◆ **EXERCISE OBJECTIVE**
Whenever a picture appears, leave it out while repeating all the other data exactly.

◆ **AVAILABLE DATA**
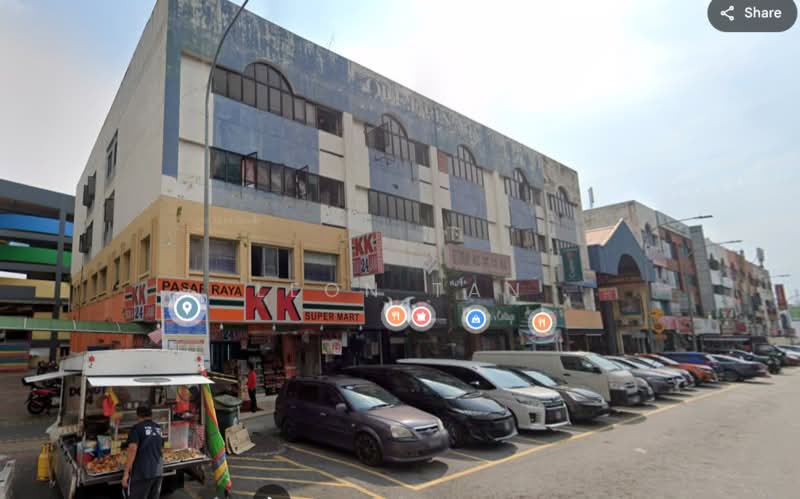 Kedai untuk Disewa di Petaling Jaya (Selangor) - Leon Tan - Exterior - PropertyGuru.com.my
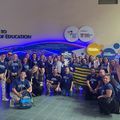 Professores da Seduc iniciam missão em Singapura para aprender com sistema educacional de excelência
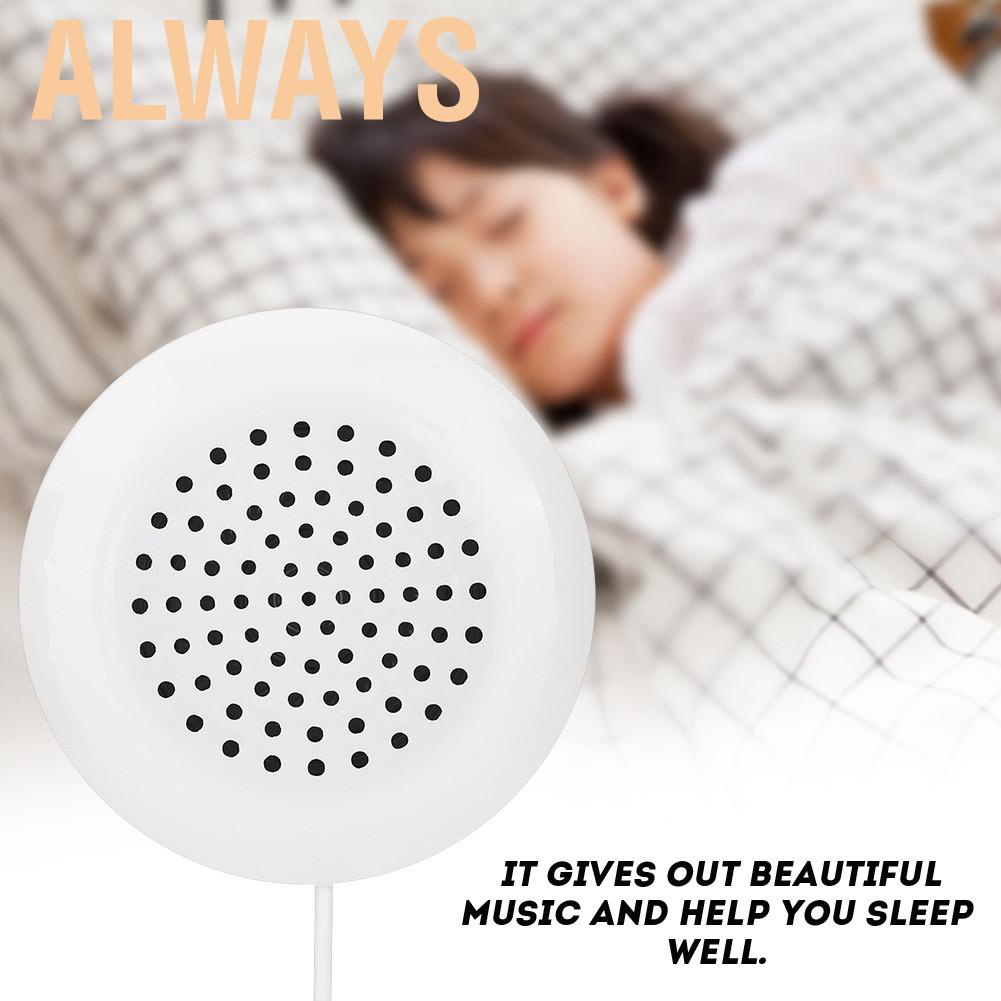 Loa hình gối cho điện thoại  máy MP3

◆ **YOUR RESPONSE**
 Kedai untuk Disewa di Petaling Jaya (Selangor) - Leon Tan - Exterior - PropertyGuru.com.my
 Professores da Seduc iniciam missão em Singapura para aprender com sistema educacional de excelência
 Loa hình gối cho điện thoại  máy MP3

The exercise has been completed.